Amazon web services – 403 When Bucket Policy IP Address Condition

From the comments, there is some confusion about how the S3 bucket policy interacts with the way the file is being accessed.

User's Browser
      |
      v
+------------+   request for file   +--------+    IP-based restriction    +----------+
| index.php  | -------------------> | AWS S3 | <------------------------- |  cPanel  |
| on Server  |    (client's IP)     | Bucket |    (server's IP allowed)   | Terminal |
+------------+                      +--------+                            +----------+

Expanding on jellycsc‘s comment, the issue could be with the IP address seen by AWS when a user tries to access the file through index.php on a website. AWS is seeing the IP address of the user’s browser, not the server’s IP address. Since the bucket policy is set to only allow access from a single IP address (the server’s), requests coming from any other IP address (like a user’s browser) will be denied with a 403 error.

The fact that curl https://icanhazip.com/ returns the expected IP address suggests that your server is using the correct IP. But again, if index.php includes a direct link to the object and the browser tries to fetch it, AWS will see the request as coming from the client’s IP address, not the server’s.

If you want the object to be accessible only from the server’s IP, you will need to make sure that the server itself fetches the object and then serves it to the client.
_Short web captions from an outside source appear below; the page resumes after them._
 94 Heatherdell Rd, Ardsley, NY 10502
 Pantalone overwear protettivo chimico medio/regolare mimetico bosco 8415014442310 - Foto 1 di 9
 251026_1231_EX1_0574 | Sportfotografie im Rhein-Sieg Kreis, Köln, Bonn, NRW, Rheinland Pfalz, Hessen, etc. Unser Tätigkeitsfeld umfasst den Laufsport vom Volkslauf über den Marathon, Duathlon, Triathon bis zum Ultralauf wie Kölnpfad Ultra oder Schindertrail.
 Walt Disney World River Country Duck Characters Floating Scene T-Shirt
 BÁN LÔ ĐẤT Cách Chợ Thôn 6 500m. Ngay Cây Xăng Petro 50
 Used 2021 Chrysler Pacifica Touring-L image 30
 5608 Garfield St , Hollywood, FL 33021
That would involve a server-side script that handles the download and then serves the file to the client, rather than the client directly requesting the file from S3 (S3Client + S3.getObject()).

<?php
require 'vendor/autoload.php';

use AwsS3S3Client;
use AwsExceptionAwsException;

$s3Client = new S3Client([
    'version' => 'latest',
    'region'  => 'your-region-1',
    // 'credentials' => // if needed, though it is better to use IAM roles
]);

$bucketName = 'testbucket';
$fileKey = 'file.jpg';

try {
    // Get the object from S3
    $result = $s3Client->getObject([
        'Bucket' => $bucketName,
        'Key'    => $fileKey,
    ]);

    // Set appropriate header for the file content
    header("Content-Type: {$result['ContentType']}");
    header('Content-Disposition: attachment; filename="' . basename($fileKey) . '"');
    header('Content-Length: ' . $result['ContentLength']);

    // Output the file content
    echo $result['Body'];
} catch (AwsException $e) {
    // Handle error accordingly
    echo "Error fetching file: " . $e->getMessage();
}
?>

Here, when a user requests index.php, the server itself requests the object from S3 using its AWS credentials, and then passes it on to the user, without exposing the direct link to S3. The bucket policy IP restriction should work as expected because AWS only sees the server’s IP address.
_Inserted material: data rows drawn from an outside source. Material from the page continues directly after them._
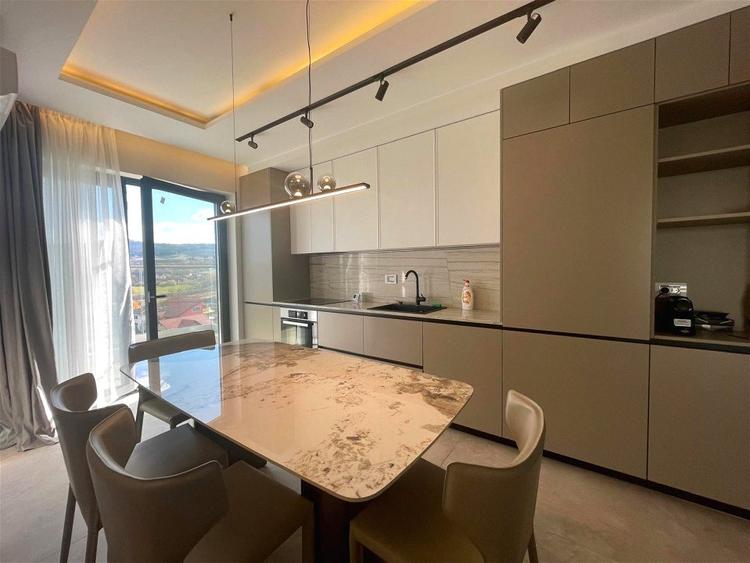 Apartament cu 3 camere semidecomandat, mobilat în Bună Ziua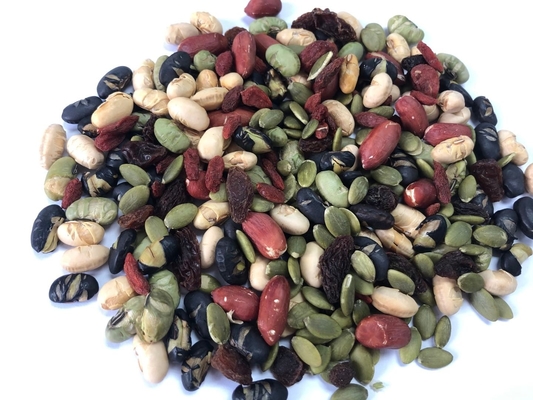 Frutos secos Roasted misturados naturais completos dos feijões e das porcas do vegetariano saudáveis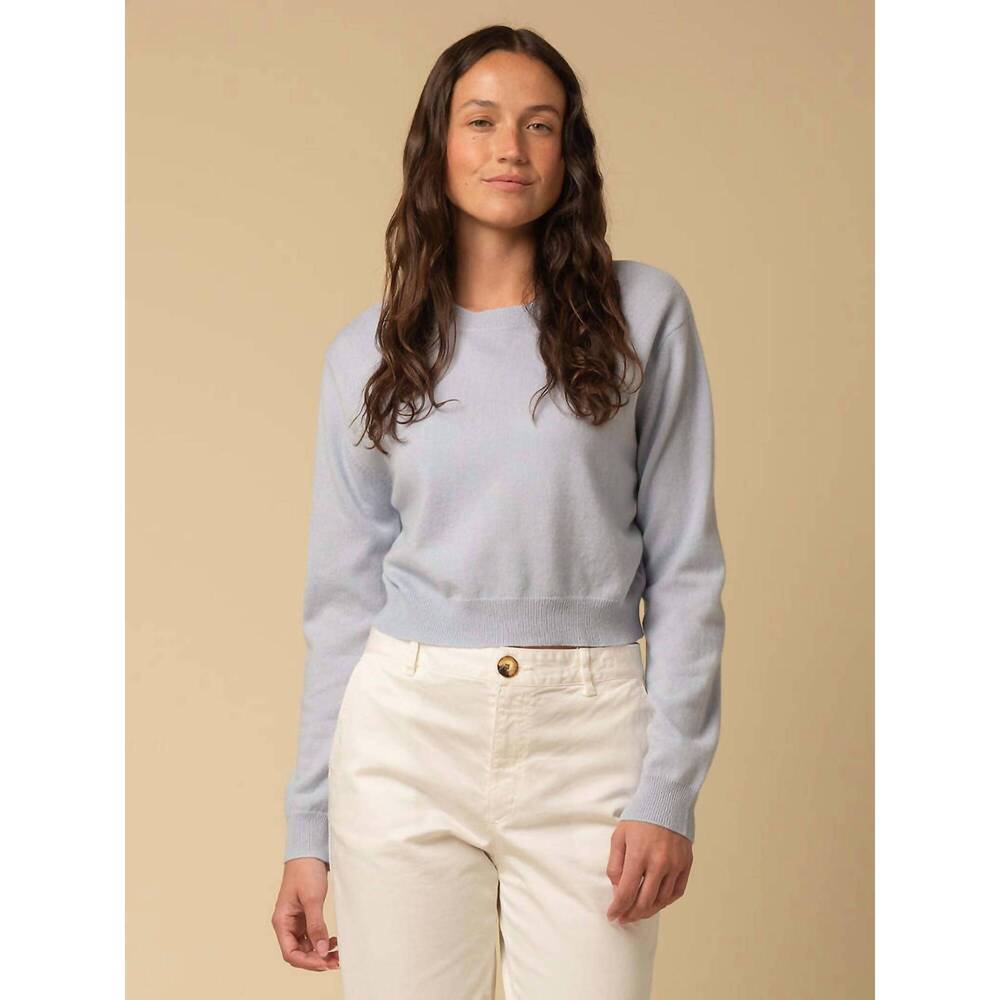 NEW PURE CASHMERE cropped long sleeve sweater in eggshell blue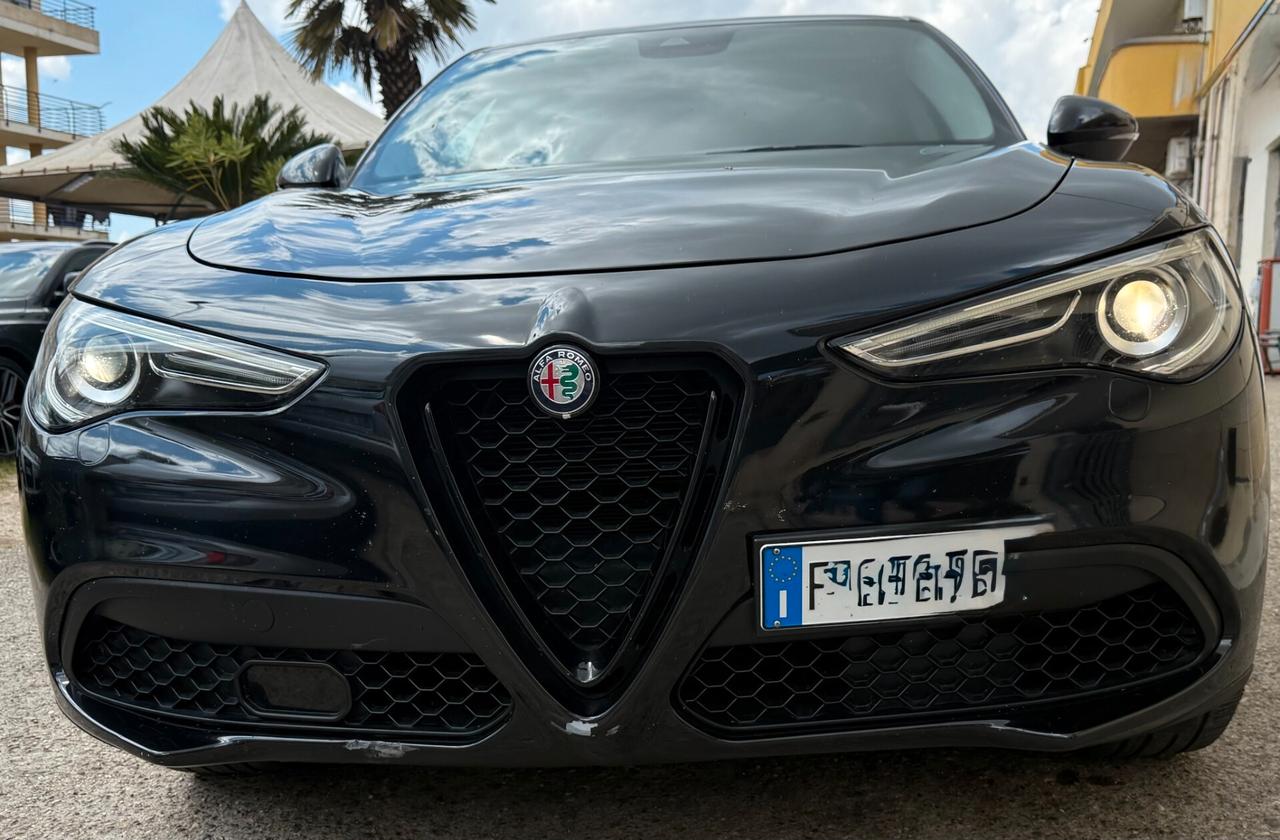 Alfa Romeo Stelvio 2.2 Turbodiesel 160 CV AT8 RWD sport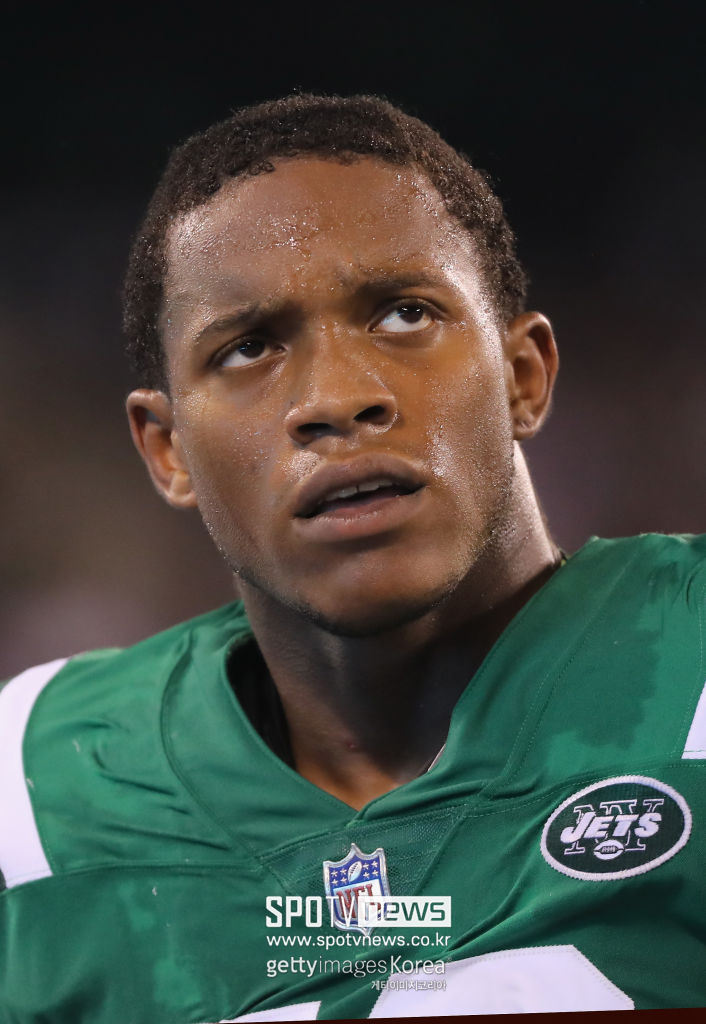 충격 "사형 선고 가능"…'연인 살해 혐의' 전 NFL 선수 체포 기소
All I want to do is get the S3 bucket to respect its own policy so that I can quickly test something… I might not even need/want to use AWS at the end of the day. But I do need to restrict by IP address alone.

It is true, the above script bypasses IP-based restrictions entirely by using AWS SDK for PHP to access the file with IAM credentials.

If you need to test IP-based access restrictions without involving IAM roles or AWS SDK authentication, you would need to make sure the IP address in the S3 bucket policy is correct and that requests to S3 are actually coming from that IP address.

And… you might already have conducted the test regarding IP-based restrictions through direct links in index.php. A 403 Forbidden error when accessing the S3 object through a web page—accurately reflects the situation where the S3 bucket policy restricts access to a specific IP address (presumably the server’s), and the requests come from different client IP addresses through the browser.

So that confirms the behavior expected under such a policy configuration: direct access attempts from any IP address other than the one specified in the policy will result in access being denied.